Glass Co v. Co

Decision Date12 June 1944
Docket NumberHAZEL-ATLAS,HARTFORD-EMPIRE,No. 398,398
Citation64 S.Ct. 997,322 U.S. 238,61 USPQ 241,88 L.Ed. 1250
PartiesGLASS CO. v. CO. Rehearing Denied
CourtU.S. Supreme Court

Mr. Stephen H. Philbin, of Boston, Mass., for petitioner.

Mr. Francis W. Cole, of Hartford, Conn., for respondent.

Mr. Justice BLACK delivered the opinion of the Court.

This case involves the power of a Circuit Court of Appeals, upon proof that fraud was perpetrated on it by a successful litigant, to vacate its own judgment entered at a prior term and direct vacation of a District Court's decree entered pursuant to the Circuit Court of Appeals' mandate.

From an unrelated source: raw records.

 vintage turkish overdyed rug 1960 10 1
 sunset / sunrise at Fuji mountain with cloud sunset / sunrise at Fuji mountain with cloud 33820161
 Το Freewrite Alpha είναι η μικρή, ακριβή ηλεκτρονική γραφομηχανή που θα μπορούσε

Hazel-Atlas commenced the present suit in November, 1941, by filing in the Third Circuit Court of Appeals a petition for leave to file a bill of review in the District Court to set aside a judgment entered by that Court against Hazel in 1932 pursuant to the Third Circuit Court of Appeals' mandate. Hazel contended that the Circuit Court of Appeals' judgment had been obtained by fraud and supported this charge with affidavits and exhibits. Hartford-Empire, in whose favor the challenged judgment had been entered, did not question the appellate court's power to consider the petition, but filed counter affidavits and exhibits. After a hearing the Circuit Court concluded that, since the alleged fraud had been practiced on it rather than the District Court, it would pass on the issues of fraud itself instead of sending the case to the District Court. An order was thereupon entered denying the petition as framed but granting Hazel leave to amend the prayer of the petition to ask that the Circuit Court itself hear and determine the issue of fraud. Hazel accordingly amended, praying that the 1932 judgments against it be vacated and for such other relief as might be just. Hartford then replied and filed additional exhibits and affidavits. The following facts were shown by the record without dispute.

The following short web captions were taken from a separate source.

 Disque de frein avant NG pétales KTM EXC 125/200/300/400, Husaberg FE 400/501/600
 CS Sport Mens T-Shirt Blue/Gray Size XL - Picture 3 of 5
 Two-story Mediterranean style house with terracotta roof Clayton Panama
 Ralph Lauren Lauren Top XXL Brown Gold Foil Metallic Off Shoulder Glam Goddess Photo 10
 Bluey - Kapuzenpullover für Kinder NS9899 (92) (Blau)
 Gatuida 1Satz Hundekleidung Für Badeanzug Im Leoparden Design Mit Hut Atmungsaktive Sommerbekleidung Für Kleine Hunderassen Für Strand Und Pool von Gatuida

In 1926 Hartford had pending an application for a patent on a machine which utilized a method of pouring glass into molds known as 'gob feeding.' The application, according to the Circuit Court, 'was confronted with apparently insurmountable Patent Office opposition.' To help along the application, certain officials and attorneys of Hartford determined to have published in a trade journal an article signed by an ostensibly disinterested expert which would describe the 'gob feeding' device as a remarkable advance in the art of fashioning glass by machine. Accordingly these officials prepared an article entitled 'Introduction of Automatic Glass Working Machinery; How Received by Organized Labor', which referred to 'gob feeding' as one of the two 'revolutionary devices' with which workmen skilled in bottle-blowing had been confronted since they had organized. After unsuccessfully attempting to persuade the President of the Bottle Blowers' Association to sign this article, the Hartford officials, together with other persons called to their aid, procured the signature of one William P. Clarke, widely known as National President of the Flint Glass Workers' Union. Subsequently, in July 1926, the article was published in the National Glass Budget, and in October 1926 it was introduced as part of the record in support of the pending application in the Patent Office. January 38 1928, the Patent Office granted the application as Patent No. 1,655,391.

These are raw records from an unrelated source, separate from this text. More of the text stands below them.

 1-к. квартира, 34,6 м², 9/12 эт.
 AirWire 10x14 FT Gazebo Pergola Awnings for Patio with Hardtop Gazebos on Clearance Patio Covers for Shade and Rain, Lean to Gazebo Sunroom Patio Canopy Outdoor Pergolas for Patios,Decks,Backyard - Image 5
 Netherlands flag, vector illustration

On June 6, 1928, Hartford brought suit in the District Court for the Western District of Pennsylvania charging that Hazel was infringing this 'gob feeding' patent, and praying for an injunction against further infringement and for an accounting for profits and damages. Without referring to the Clarke article, which was in the record only as part of the 'file-wrapper' history, and which apparently was not then emphasized by counsel, the District Court dismissed the bill on the ground that no infringement had been proved. D.C., 39 F.2d 111. Hartford appealed. In their brief filed with the Circuit Court of Appeals, the attorneys for Hartford, one of whom had played a part in getting the spurious article prepared for publication, directed the Court's attention to 'The article by Mr. William Clarke, former President of the Glass Workers' Union.' The reference was not without effect. Quoting copiously from the article to show that 'labor organizations of practical workmen recognized' the 'new and differentiating elements' of the 'gob feeding' patent owned by Hartford, the Circuit Court on May 5, 1932, held the patent valid and infringed, reversed the District Court's judgment, and directed that court to enter a decree accordingly. 3 Cir., 59 F.2d 399, 403, 404.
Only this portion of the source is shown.